The second space was undeveloped, an even huger retail space, about 1800 square feet. Elevator, public bathrooms.. lots of light. Way more square footage than I needed. Building practically empty. Creepy. Probably hideously expensive. I didn't even ask.
The third place was a second floor walk-up. About the right size, some nice east light, but dark dull carpet, dark dull wall board, and another occupant on the same floor who is a tattoo artist. I would have had to fight for street visibility, because the tat artist had his place advertised all over the glass door at street level. I hate needles, acupuncture, all that stuff. I've never wanted and never will want a tattoo. I don't know what I would have been charged. I didn't even ask. Twenty-two steps are too many for most of the old folks in this town to climb.
The fourth place.. it might be the right space. Just under 400 square feet. Used to be a barber shop. It has a bathroom with a rust-stained toilet which I'm told will be changed out for a new updated toilet. It has street level entryway, north window exposure, can be partitioned into a treatment room and a little reception room. The price is affordable, includes utilities (heat, light, air), a parking spot, sidewalk cleaning in the winter. Right now it has dark rubber tile and dark navy walls [/sigh]. It would look great with hardwood and light neutral walls and a beautiful blind to allow light in at the top but screen out peeping toms. Best of all, it's in a fairly modern building that houses seniors. Perfect. Excellent neighbours. Maybe future customers.

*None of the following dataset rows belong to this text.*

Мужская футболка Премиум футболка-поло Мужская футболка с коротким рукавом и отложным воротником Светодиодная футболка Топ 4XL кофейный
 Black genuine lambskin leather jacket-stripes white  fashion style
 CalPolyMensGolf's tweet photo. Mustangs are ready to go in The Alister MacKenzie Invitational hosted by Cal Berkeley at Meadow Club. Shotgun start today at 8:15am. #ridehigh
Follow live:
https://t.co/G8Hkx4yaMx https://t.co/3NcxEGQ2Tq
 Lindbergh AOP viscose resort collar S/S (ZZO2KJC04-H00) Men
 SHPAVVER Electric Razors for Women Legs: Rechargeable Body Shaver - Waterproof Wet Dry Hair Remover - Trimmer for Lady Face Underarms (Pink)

It's right downtown. It's near a fabulous old shiny white marble building that I remember from childhood. It's now a bank, but my childhood doctor used to have an office in there. I can see that building from the balcony where I live. It glistens in the sunset, it shines in the rain. The office would be only two blocks from where I live. How much more convenient could it get? Yeah. I think I'm ready to handle my life again. I think I have at least another 15 years of human primate social grooming left in me. I'll be 75 by then.
On other fronts, I met a couple who just moved here; the wife is a PT, with a secure job in a provincially funded rehab facility, who is trying to organize a teaching gig for me (something I cannot seem to manage to do on my own). The husband is a tech-savvy guy who is going to help me make an app. Another friend is helping edit/update my long-neglected manual. I feel things shifting, whether I'm ready for a shift or not. I'm never ready, but do my best to stay caught up to whatever is happening on whatever beach life washes me up onto. Until whenever the next inner tsunami comes along to wash me out of my comfortable rut yet again.